Более всего, однако, лечебница Кокорева помогала здоровью учеников духовного училища, окна которого находились напротив водолечебницы. По воспоминаниям профессора Московской духовной академии Е. Е. Голубинского, который учился в этом училище через несколько лет после открытия санатория, «учителя секли нас с осторожностью, так как крик лежащих под лозой слышен был в ванных, где сидели больные».

Вообще говоря, событий в захолустном Солигаличе в XIX веке было крайне мало. Вот разве что после Русско-турецкой войны прислали в город пленных турок, которые построили мост через Шашков ручей, несколько домов и понашили местным модницам кожаные туфли отменного качества.
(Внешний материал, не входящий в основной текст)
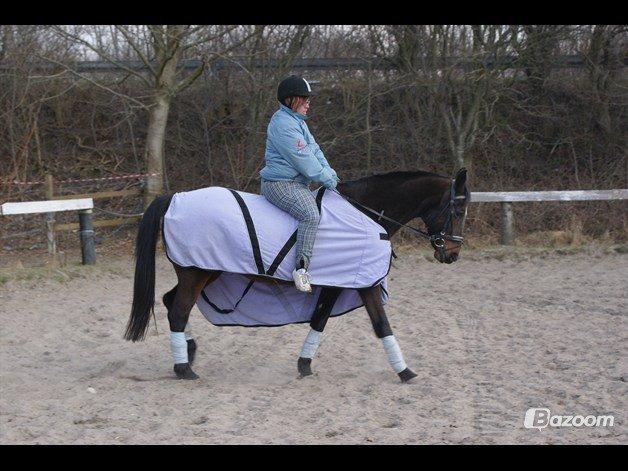 Anden særlig race cazandra billede 11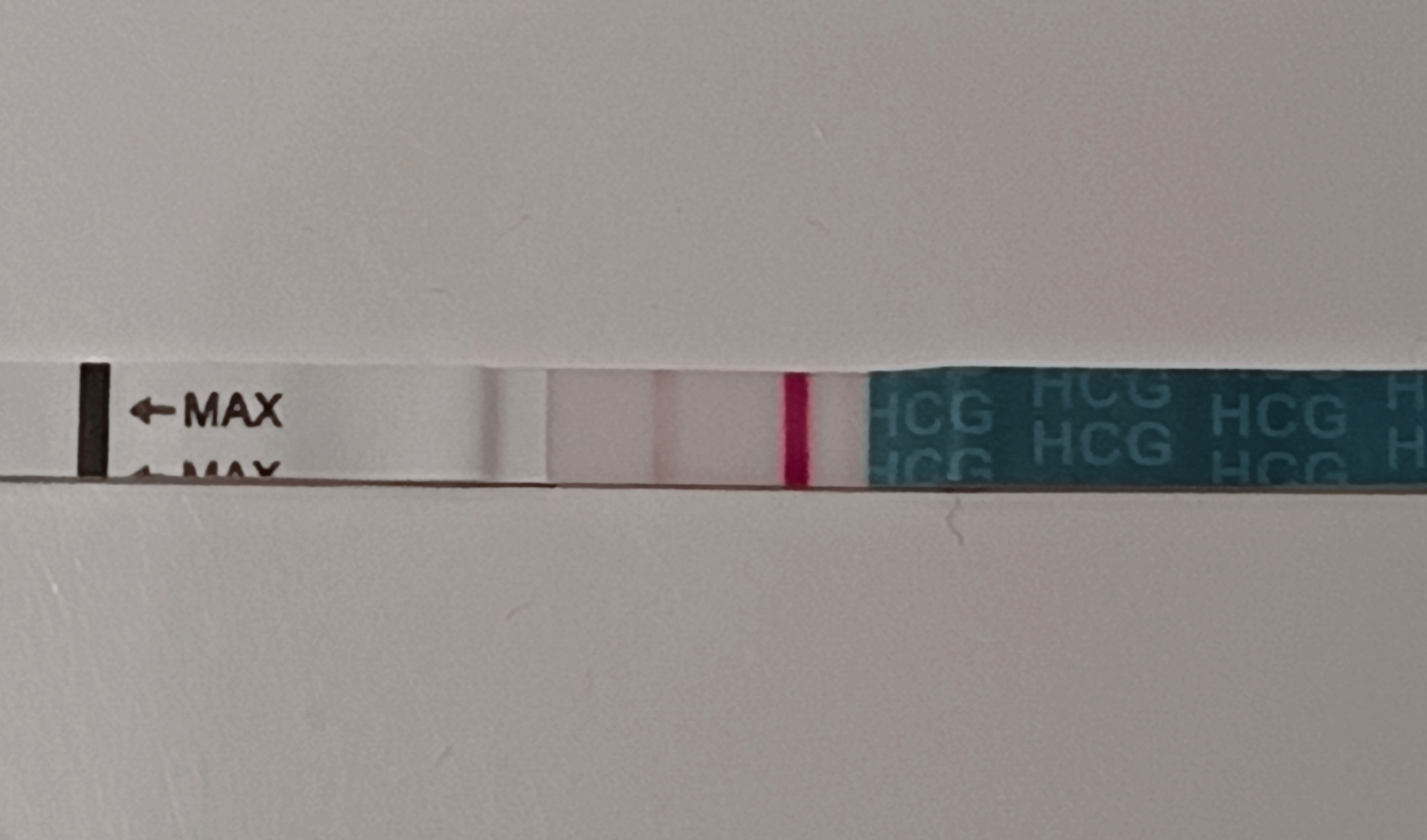 1000060601.jpg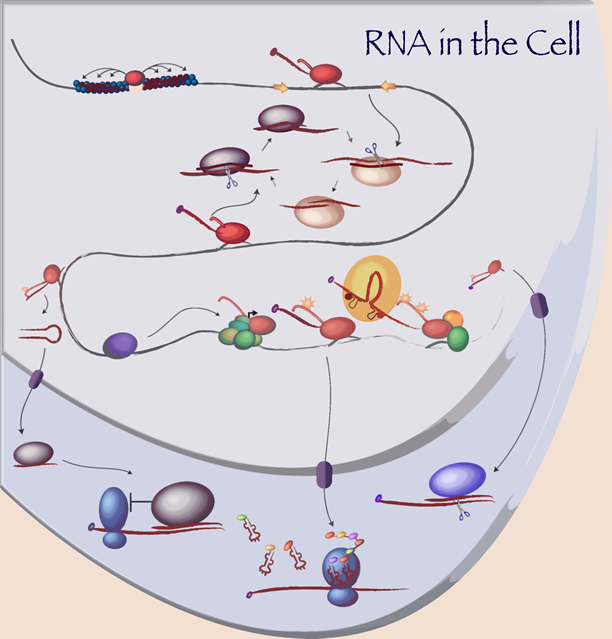 The many roles of RNA in the cell.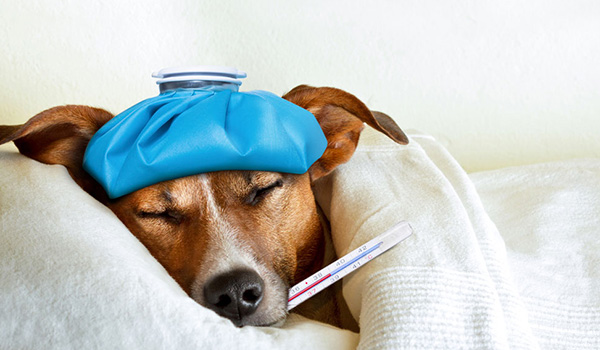 Come indurre il vomito nel cane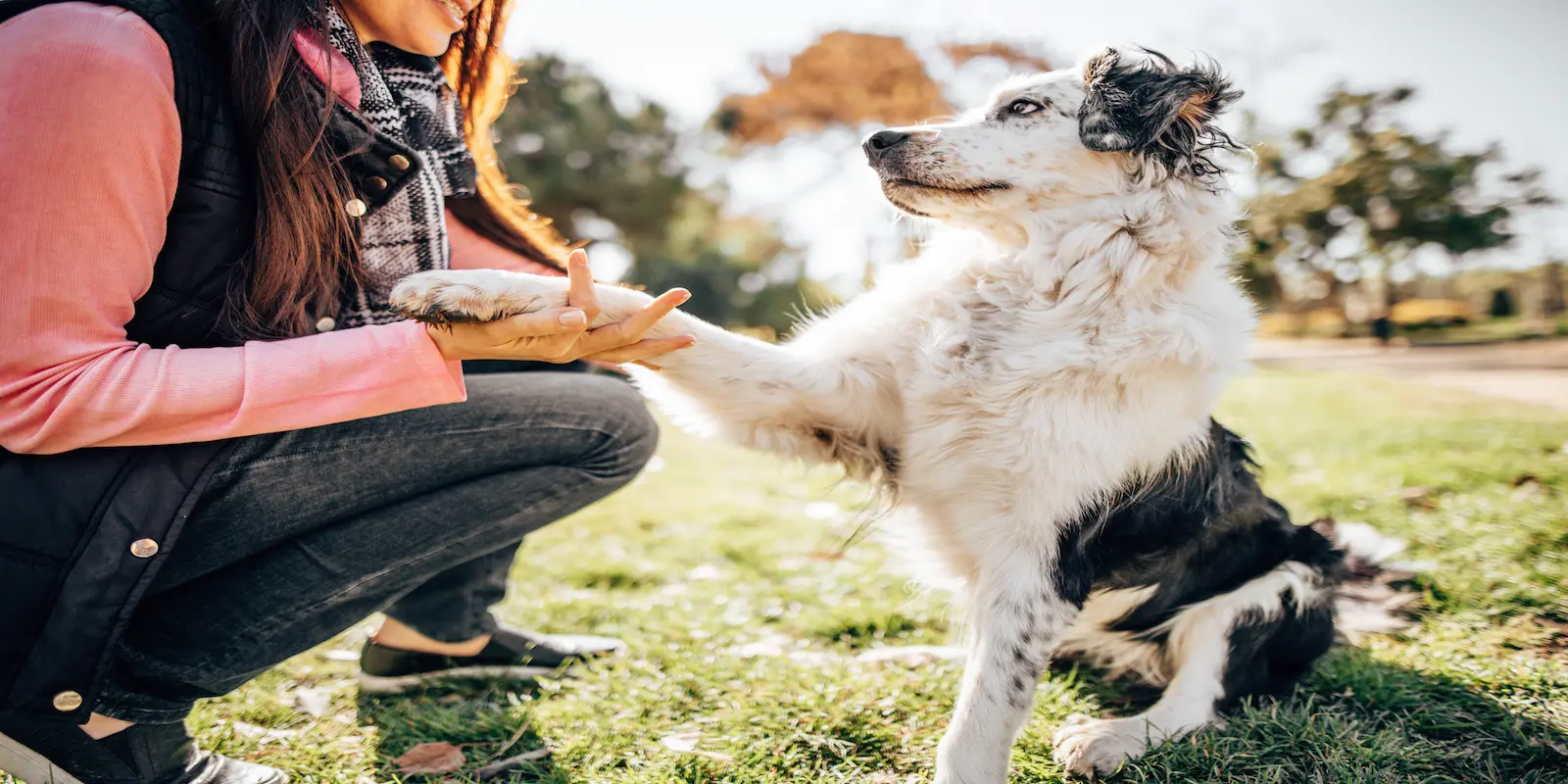 Betriebshaftpflicht Hundetrainer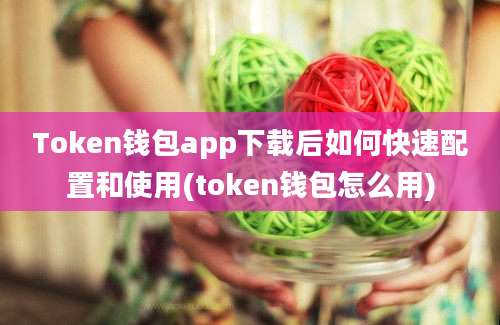 Token钱包app下载后如何快速配置和使用(token钱包怎么用)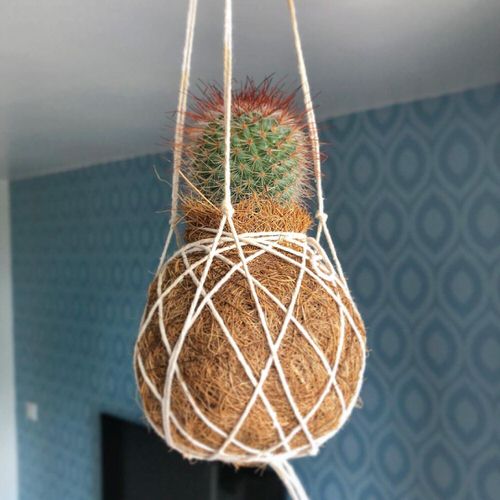 hanging Spiny Pincushion Cactus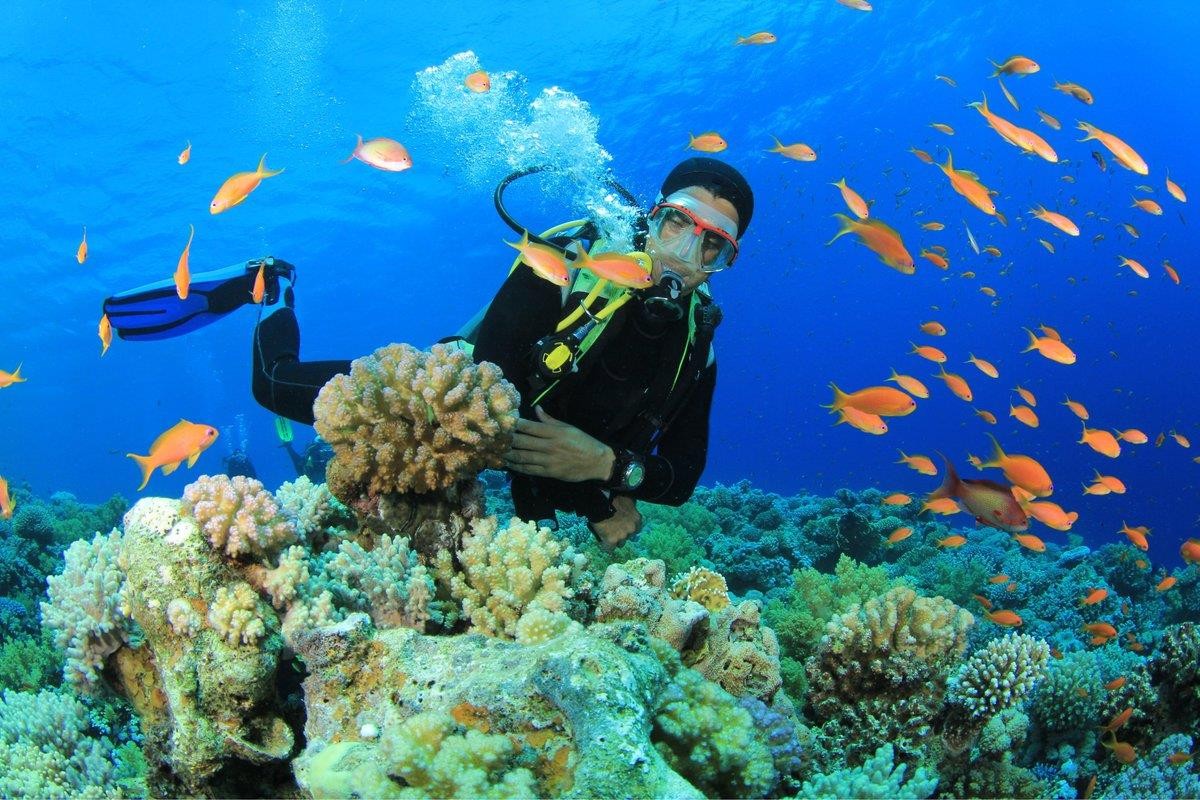 Coral diving is one of the most interesting activity. Source: iVIVU.com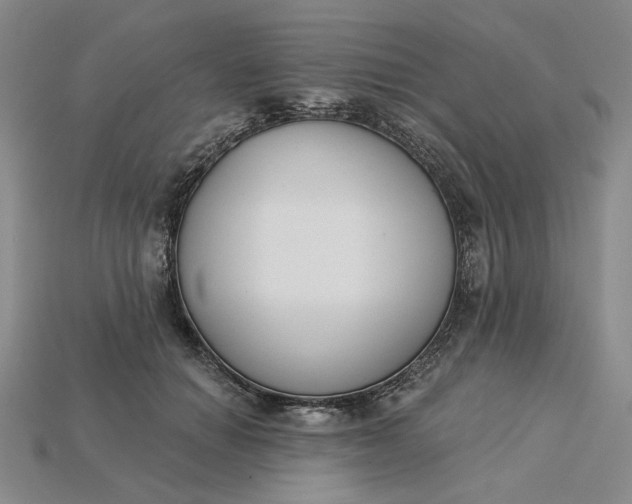 X0000115250654200911131725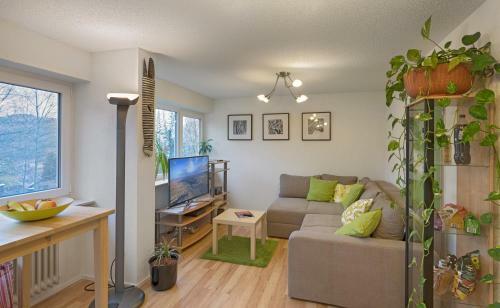 Apartamento Hochschwarzwald Ferienwohnung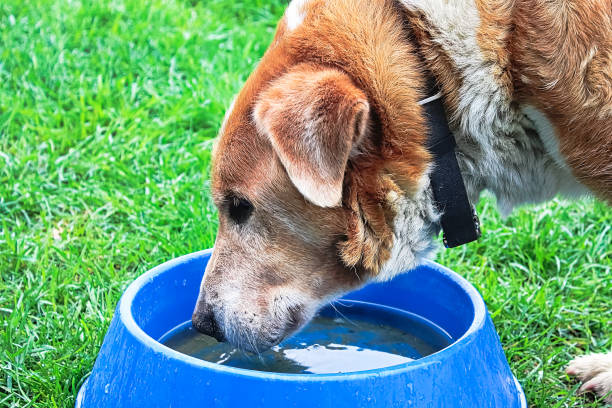 istock Mixed breed farm dog drinking water from a bowl 1280803484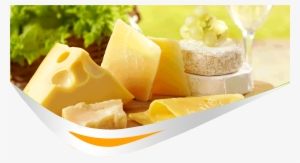 Cheese Bazar - Sagaform Edge Cheese Knife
Если бы турки не занесли в Солигалич эпидемию возвратного тифа, которым переболела часть населения города и уезда, то о них бы и вовсе вспоминали с благодарностью. Как и о сосланных поляках, которые туфель шить не умели, зато давали уроки музыки, поскольку среди них были скрипачи и пианисты. Вообще Солигалич был музыкальным городом. При каждой церкви был свой хор, певший в выходные и праздничные дни, регулярно давались концерты в общественном клубе, пелись романсы[15] и даже арии из опер, а в летнее время офицер-делопроизводитель местного воинского присутствия устраивал прогулки на лодках с солдатами из местной воинской команды, умеющими играть на духовом инструменте. Сам он при этом играл на флейте…

Июльское солнце бесконечно долго садилось за громаду Рождественского собора[16], по набережной Костромы прогуливались мужчины в мягких шляпах и форменных фуражках, дамы с кружевными зонтиками, мужики в смазных сапогах и носились в разные стороны мальчишки с семечками. На крылечках домов, украшенных затейливой резьбой, сидели кошки и намывали гостей. По стеклянной воде плыла лодка, в ней сидел молодой краснощекий солдатик и старательно выдувал на теноровом тромбоне или валторне вальс «Осенний сон», или «Ожидание», или «Над волнами», а флейта ему так подпевала, так подпевала… что чувствительные дамы нет-нет да и подносили к уголкам глаз крошечные надушенные носовые платки с еще более крошечными вышитыми монограммами, а их кавалеры смущенно покашливали.